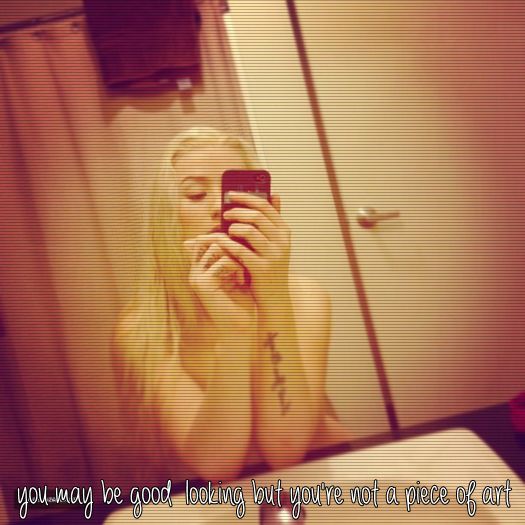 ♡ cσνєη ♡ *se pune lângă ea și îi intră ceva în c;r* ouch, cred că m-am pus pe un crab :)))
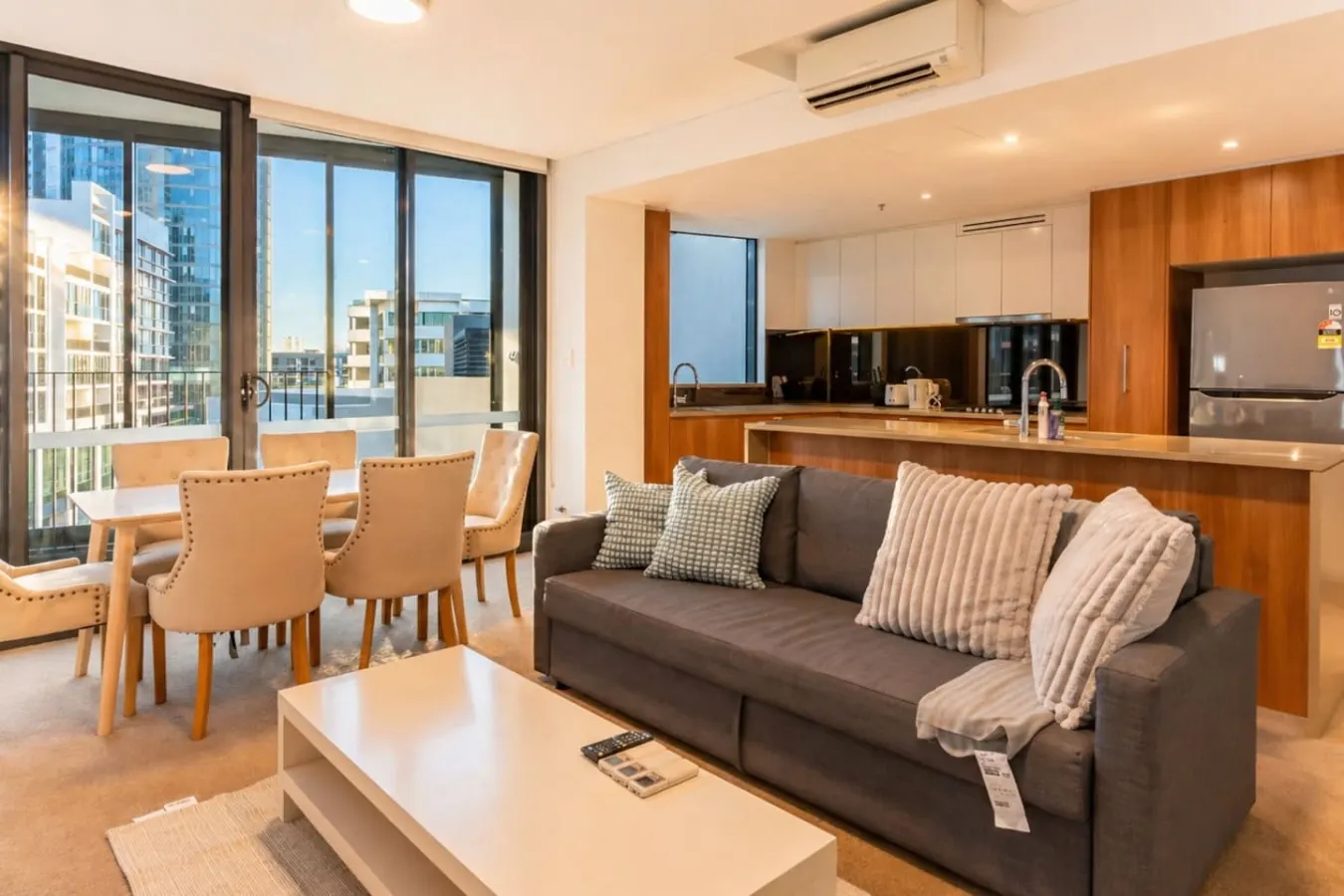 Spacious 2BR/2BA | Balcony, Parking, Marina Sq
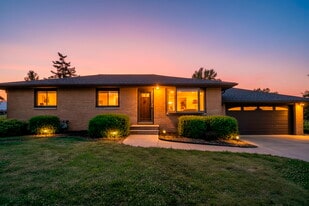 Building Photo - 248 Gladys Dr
-.-.-
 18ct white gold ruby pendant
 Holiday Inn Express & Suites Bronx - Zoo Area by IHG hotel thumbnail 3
-.-.-
Try it:
Please output the lines above beginning at the line with "un crab :)))" and ending after the line with "Building Photo - 248 Gladys Dr", precisely as written and with no pictures.

Answer area:
 ♡ cσνєη ♡ *se pune lângă ea și îi intră ceva în c;r* ouch, cred că m-am pus pe un crab :)))
 Spacious 2BR/2BA | Balcony, Parking, Marina Sq
 Building Photo - 248 Gladys Dr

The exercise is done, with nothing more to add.